* _PROBLEM STATEMENT_: Word for word, reproduce the listing that follows, excluding any pictures it contains.

* _DATA EXCERPT_:
☆ ☆ ☆
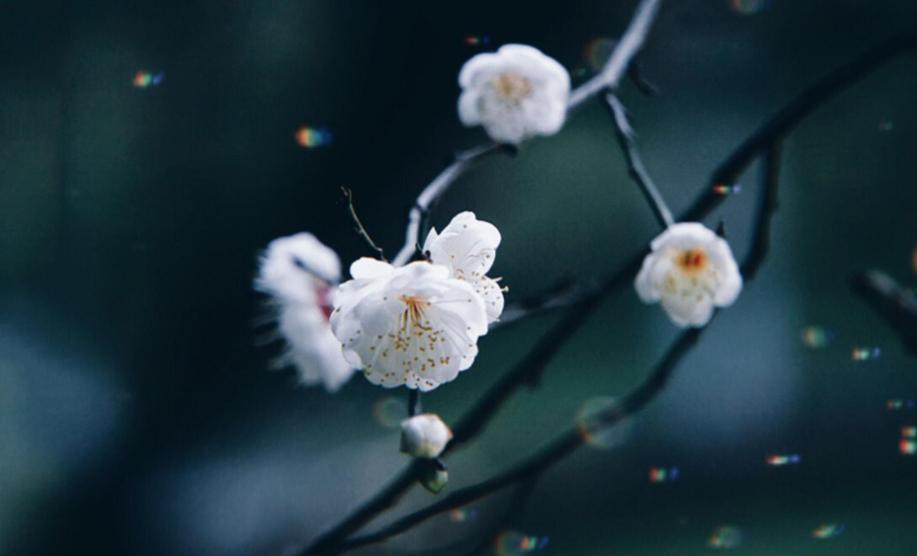 70首诗里关于咏梅的诗词,关于梅花经典咏梅古诗10首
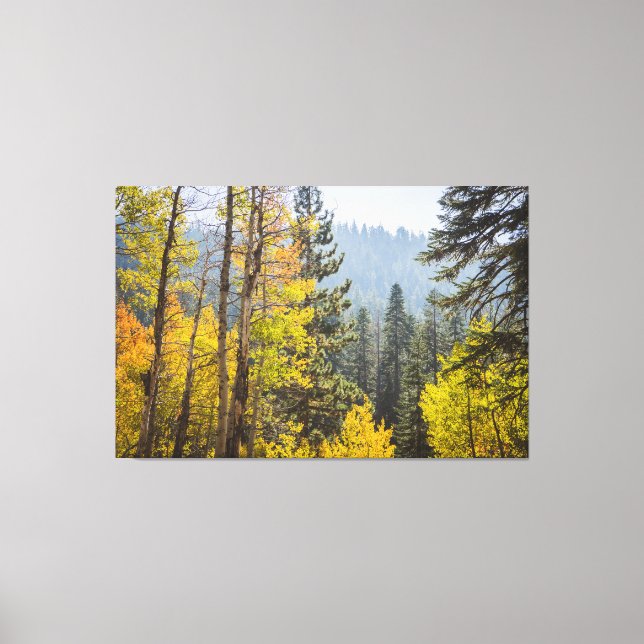 Fall Leaves at Lake Tahoe Stretched Canvas Print (Front)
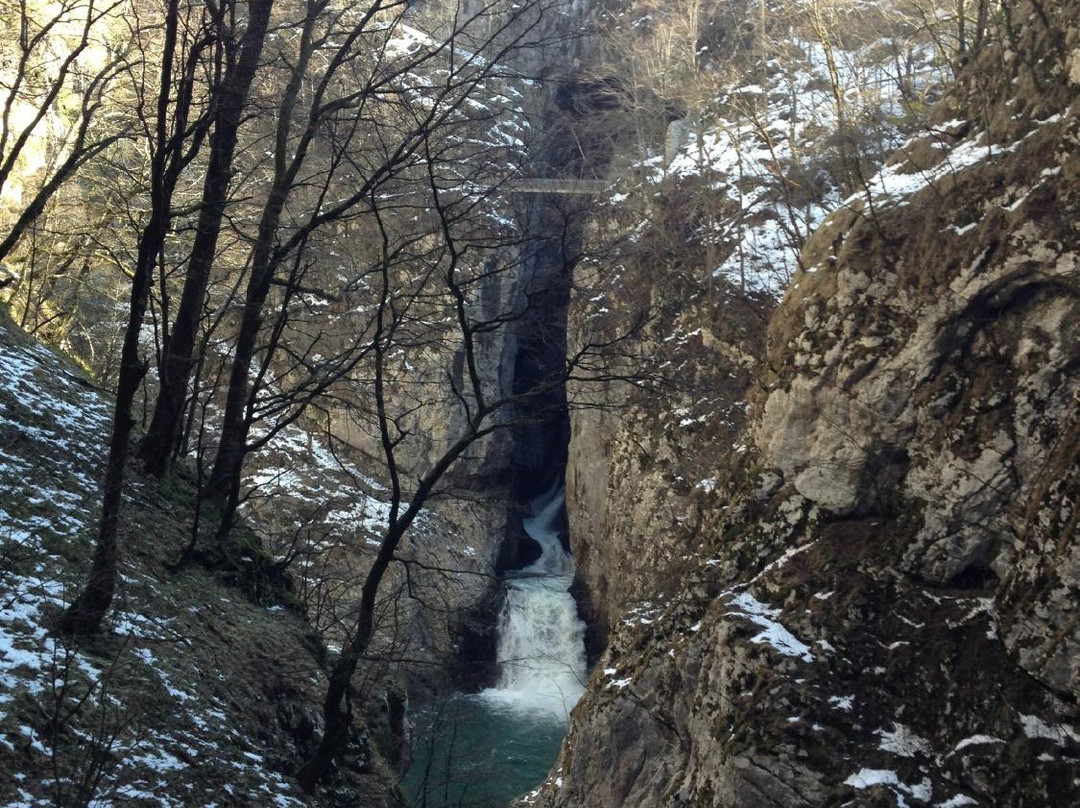 Škocjanske Jame景点图片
☆ ☆ ☆
* _ANSWER BOX_:
 70首诗里关于咏梅的诗词,关于梅花经典咏梅古诗10首
 Fall Leaves at Lake Tahoe Stretched Canvas Print (Front)
 Škocjanske Jame景点图片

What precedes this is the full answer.